> [Extracted information]
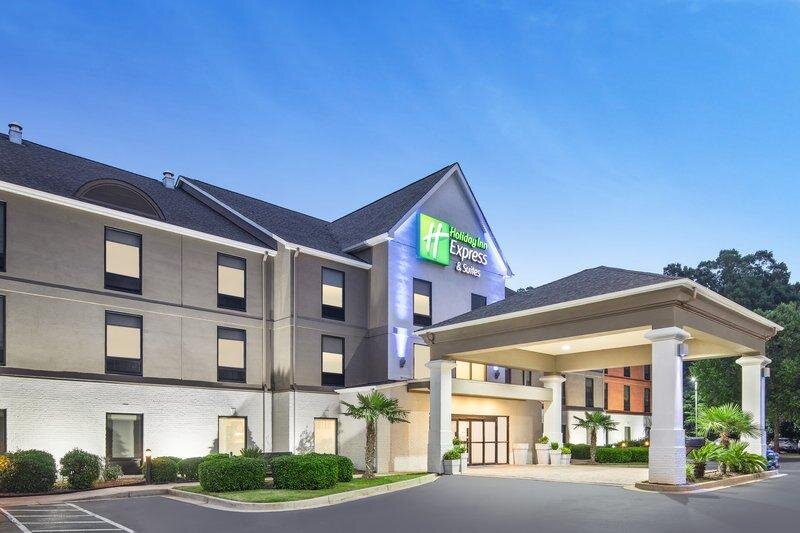Люкс Holiday Inn Express Hotels & Suites Greenville-Spartanburg/Duncan, an IHG Hotel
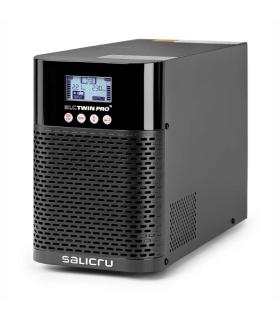 Salicru SLC 1000 TWIN PRO2 Sistema de Alimentacion Ininterrumpida - SAI/UPS - de 1000 VA On-line Doble Conversion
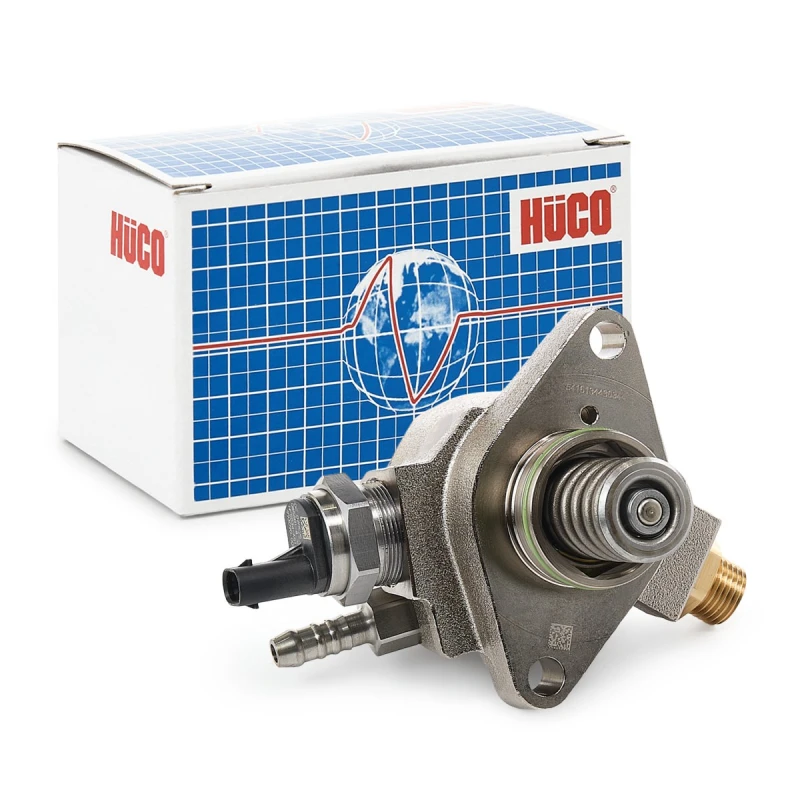 Image of HITACHI 133090 High Pressure Pump Hueco with gasket/seal High Pressure Pump (3918)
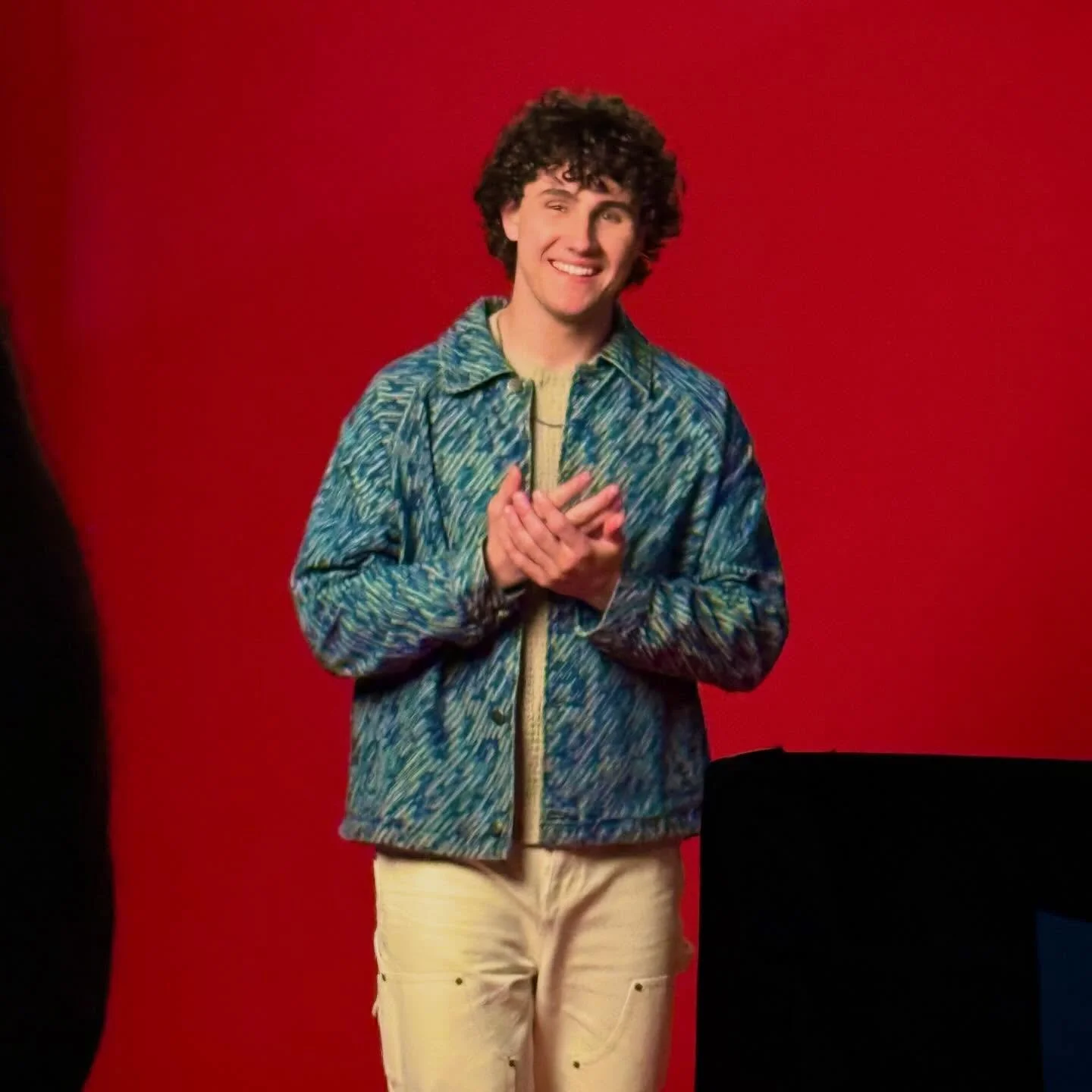 💙💚 @nbcthevoice 💚💙

#TheVoice #NBCTheVoice #TeamLegend #TeamAdam #TeamKelly @johnlegend @adamlevine @kellyclarkson 

Premiere 2/23 on @nbc , next day on @peacock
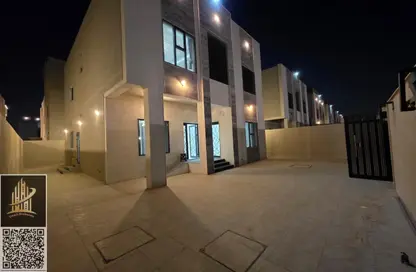 Villa - 6 Bedrooms - 7+ Bathrooms for rent in Al Yasmeen 1 - Al Yasmeen - Ajman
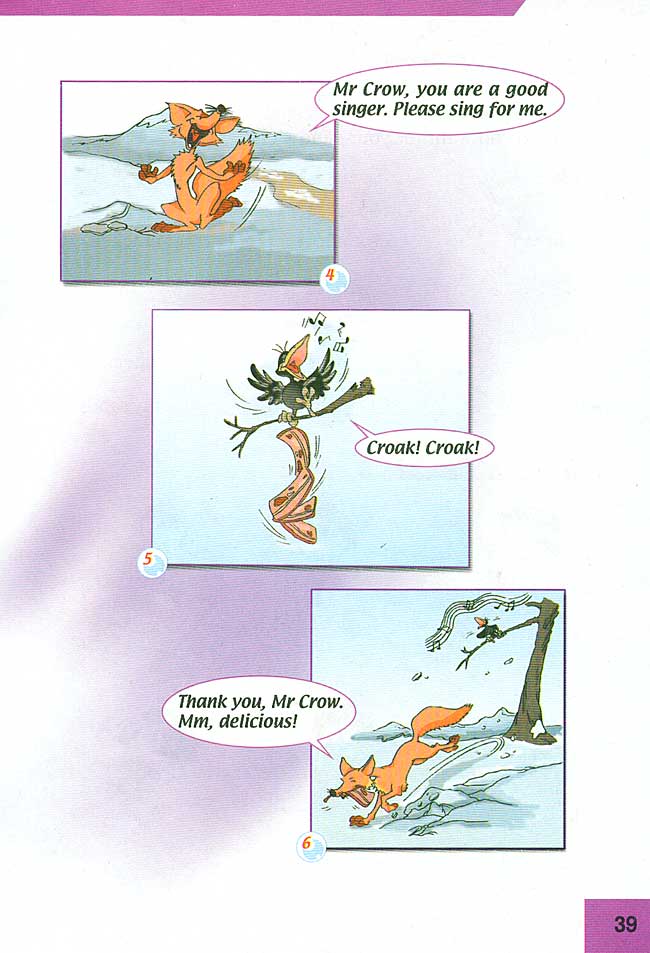 人教版新起点小学英语三年级上册――lesson23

> [Task instructions]
Copy the entries exactly. Leave the pictures out.

> [Exercise output]
Люкс Holiday Inn Express Hotels & Suites Greenville-Spartanburg/Duncan, an IHG Hotel
 Salicru SLC 1000 TWIN PRO2 Sistema de Alimentacion Ininterrumpida - SAI/UPS - de 1000 VA On-line Doble Conversion
 Image of HITACHI 133090 High Pressure Pump Hueco with gasket/seal High Pressure Pump (3918)
 💙💚 @nbcthevoice 💚💙

#TheVoice #NBCTheVoice #TeamLegend #TeamAdam #TeamKelly @johnlegend @adamlevine @kellyclarkson 

Premiere 2/23 on @nbc , next day on @peacock
 Villa - 6 Bedrooms - 7+ Bathrooms for rent in Al Yasmeen 1 - Al Yasmeen - Ajman
 人教版新起点小学英语三年级上册――lesson23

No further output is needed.